After five minutes Sara began to feel weary, as if she were tramping through water. She ran faster. After ten she was wearier, so she ran faster still. The sensation of running through water had gone; she was now struggling through deep tar which seemed to cling to her legs and would drag her down if she stopped.
The towpath was now darker for she had passed the last of the moored barges and houses of Bathampton long ago and on either side of the canal lay only fields, open to the moonless sky, harbouring silence. Sara felt almost afraid of her own laboured breathing, for although she was still too angry to feel frightened, it was impossible not to realise that somebody very frightened indeed would make a sound exactly like this. And somebody very frightened indeed would also be too short of breath to scream. She ran on.

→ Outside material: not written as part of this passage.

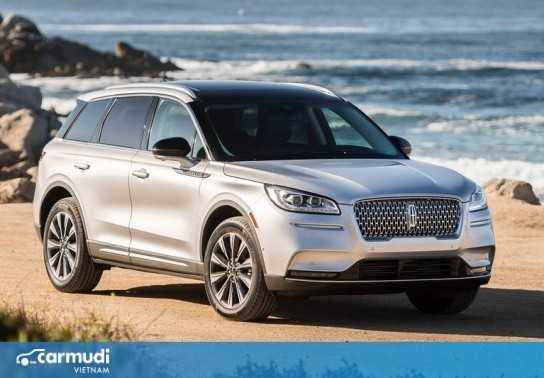 Lincoln Corsair 2021 sẽ ra mắt với gói trang bị thể thao và công nghệ mới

At the end of half an hour Sara found herself more than three miles beyond Bathampton Lock and at the end of her strength. The champagne-charged rage which had surged through her, curiously like elation in its power to animate,
had vanished, and she realised that she was actually quietly scared out of her wits. Then, just as she was thinking appeasingly that it was not Andrew’s fault that she had failed to pick up his message and that she ought to turn round and go home, she saw the trembling, tiny, burning dot just feet away from her in the dark. It dawned on her. A fatalistic calm was sweeping fear out of her mind, although her body had begun to shake. She had already slowed her pace to a walk and now she stopped, watching the dot as it moved jerkily upwards, glowed brighter, and moved down. It would be no more than she deserved: alone on an empty towpath near midnight, wearing shorts and a T-shirt, undefended unless she could stick her car keys in his eyes. The kind of thing that when you read the Body Found On Towpath story in the paper you think, what did she expect? Yet it seemed a little cruel, she considered oddly without panic, that before she met her fate at the hands of some mad rapist who was just sitting here on a bench in case someone as stupid as she was should happen along, she should have to watch him enjoying a fag while he waited. She fingered the car keys in her pocket and wondered if, should she turn now and run, she would make it more than a hundred yards.
A frightened whimper broke from the direction of the glowing cigarette. A helpless voice in the dark called out, ‘Oh oh, oooh—Ivan? Ivan? I hurt myself.’ Despite the adult, male voice, it was the sound of a child in distress.